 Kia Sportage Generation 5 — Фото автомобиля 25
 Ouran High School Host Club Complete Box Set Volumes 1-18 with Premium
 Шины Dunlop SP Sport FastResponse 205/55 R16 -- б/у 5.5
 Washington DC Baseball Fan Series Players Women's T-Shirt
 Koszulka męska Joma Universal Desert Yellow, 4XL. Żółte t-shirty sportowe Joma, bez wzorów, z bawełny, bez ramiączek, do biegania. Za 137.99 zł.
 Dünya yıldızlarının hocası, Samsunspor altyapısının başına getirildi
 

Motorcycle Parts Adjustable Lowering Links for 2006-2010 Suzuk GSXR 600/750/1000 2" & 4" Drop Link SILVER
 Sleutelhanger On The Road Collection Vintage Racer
:::::
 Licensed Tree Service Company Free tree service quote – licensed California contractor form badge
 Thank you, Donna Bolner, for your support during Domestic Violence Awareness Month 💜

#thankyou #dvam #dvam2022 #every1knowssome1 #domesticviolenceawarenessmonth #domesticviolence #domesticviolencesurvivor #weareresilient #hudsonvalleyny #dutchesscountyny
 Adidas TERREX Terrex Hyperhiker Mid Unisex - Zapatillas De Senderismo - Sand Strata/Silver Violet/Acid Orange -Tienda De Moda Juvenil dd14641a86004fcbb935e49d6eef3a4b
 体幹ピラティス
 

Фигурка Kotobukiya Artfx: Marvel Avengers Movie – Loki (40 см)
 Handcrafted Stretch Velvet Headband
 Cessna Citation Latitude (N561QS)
:::::
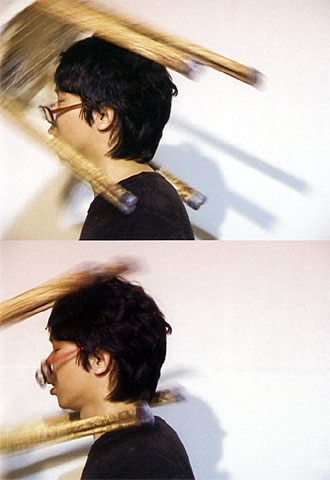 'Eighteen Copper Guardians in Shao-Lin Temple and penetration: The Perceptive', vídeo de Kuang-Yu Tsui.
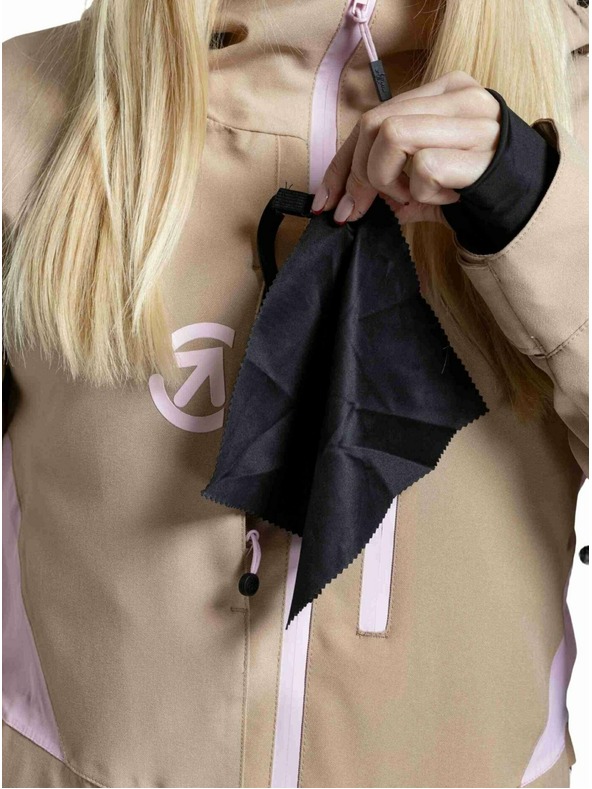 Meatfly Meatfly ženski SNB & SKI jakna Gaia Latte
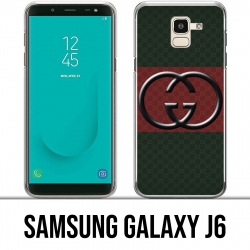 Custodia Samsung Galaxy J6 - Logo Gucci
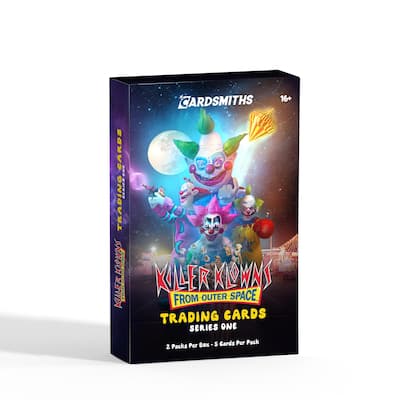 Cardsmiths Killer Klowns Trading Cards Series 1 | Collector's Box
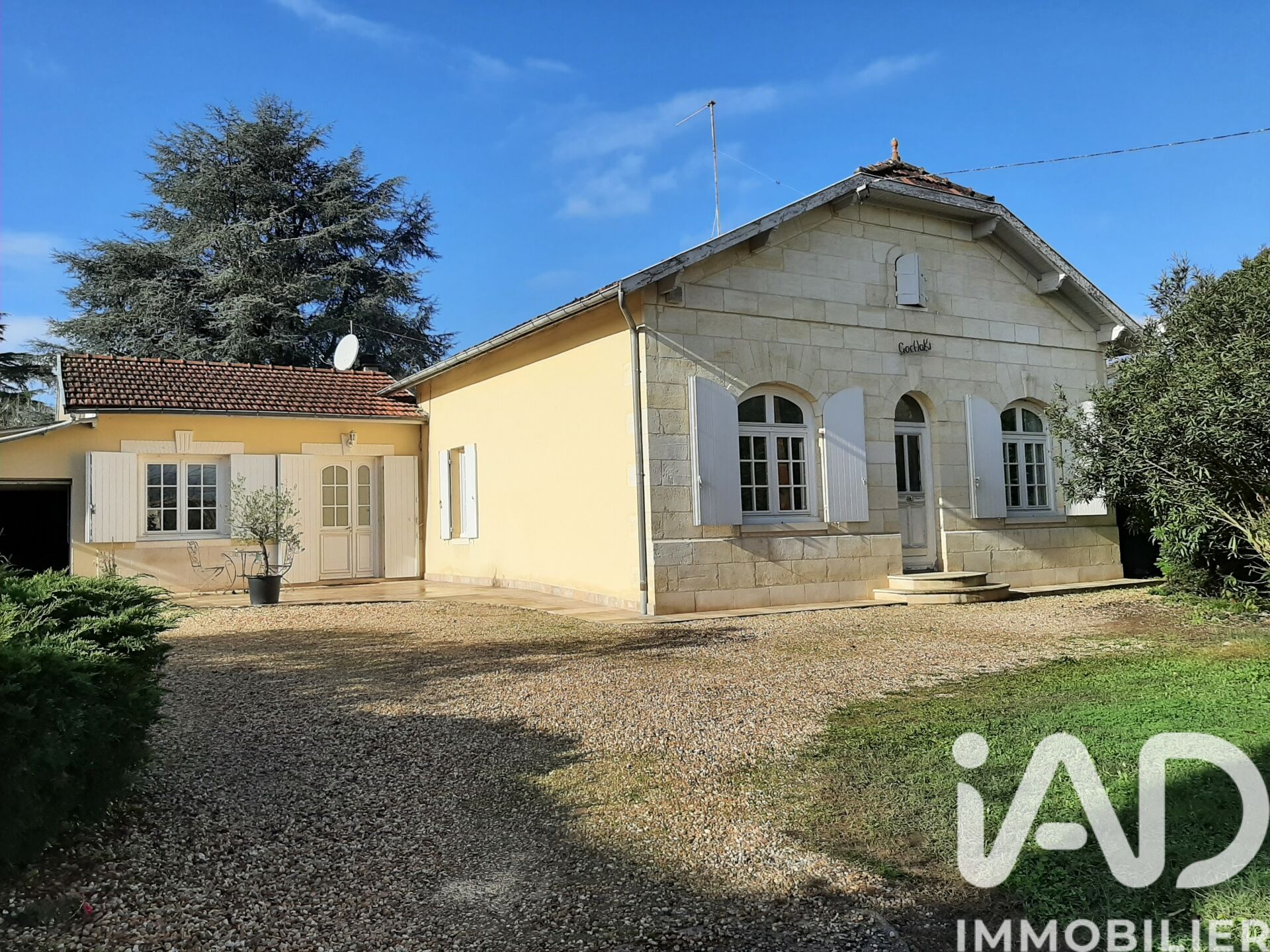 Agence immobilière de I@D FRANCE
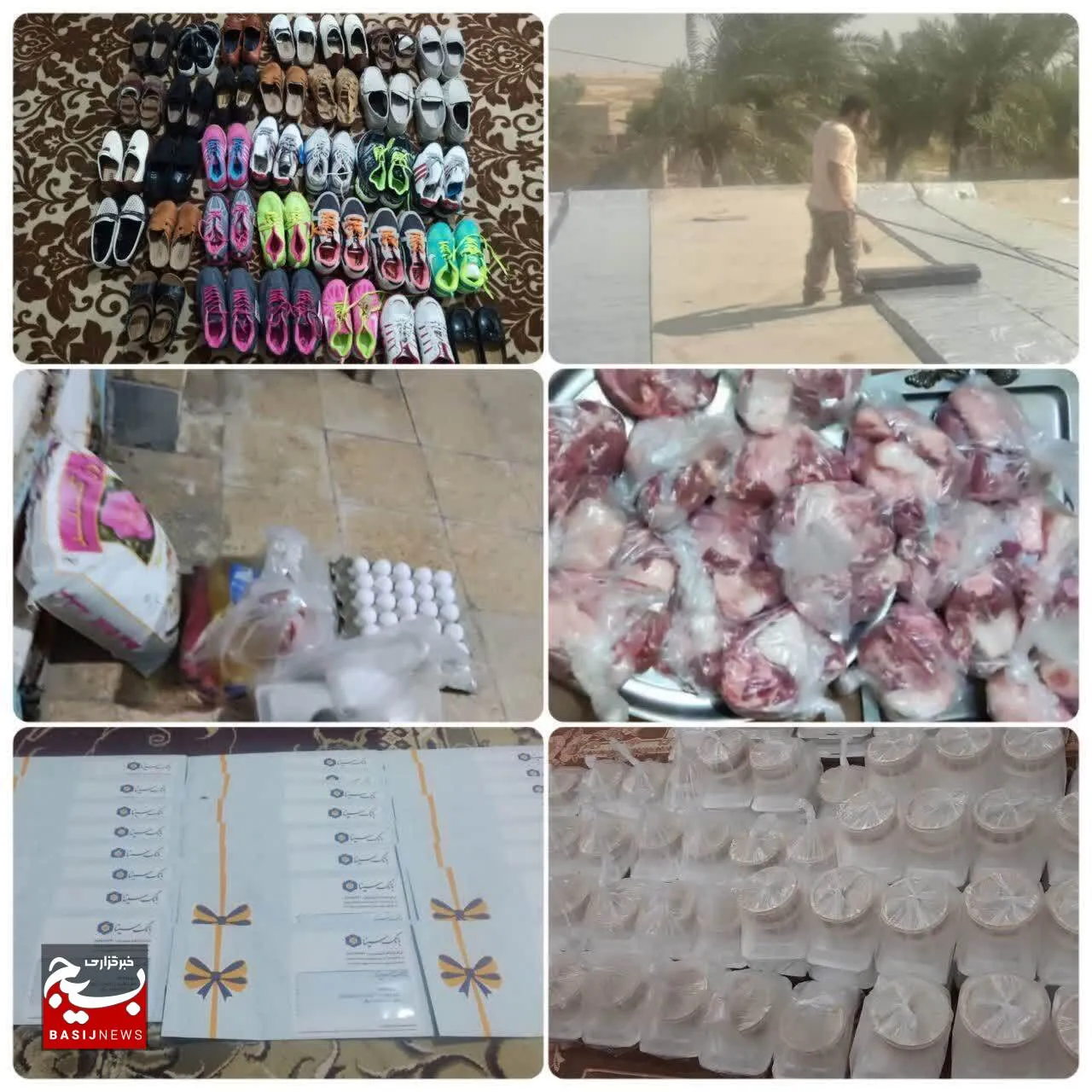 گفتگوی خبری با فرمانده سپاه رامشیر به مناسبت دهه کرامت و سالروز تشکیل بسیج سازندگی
:::::
(WHAT THE EXERCISE ASKS):
What are the lines above, starting at the one with "#thankyou #dvam #dvam2022" and ending at the one with "Фигурка Kotobukiya Artfx: Marvel"? Give them again exactly, and only them.

(EXERCISE OUTPUT):
#thankyou #dvam #dvam2022 #every1knowssome1 #domesticviolenceawarenessmonth #domesticviolence #domesticviolencesurvivor #weareresilient #hudsonvalleyny #dutchesscountyny
 Adidas TERREX Terrex Hyperhiker Mid Unisex - Zapatillas De Senderismo - Sand Strata/Silver Violet/Acid Orange -Tienda De Moda Juvenil dd14641a86004fcbb935e49d6eef3a4b
 体幹ピラティス
 

Фигурка Kotobukiya Artfx: Marvel Avengers Movie – Loki (40 см)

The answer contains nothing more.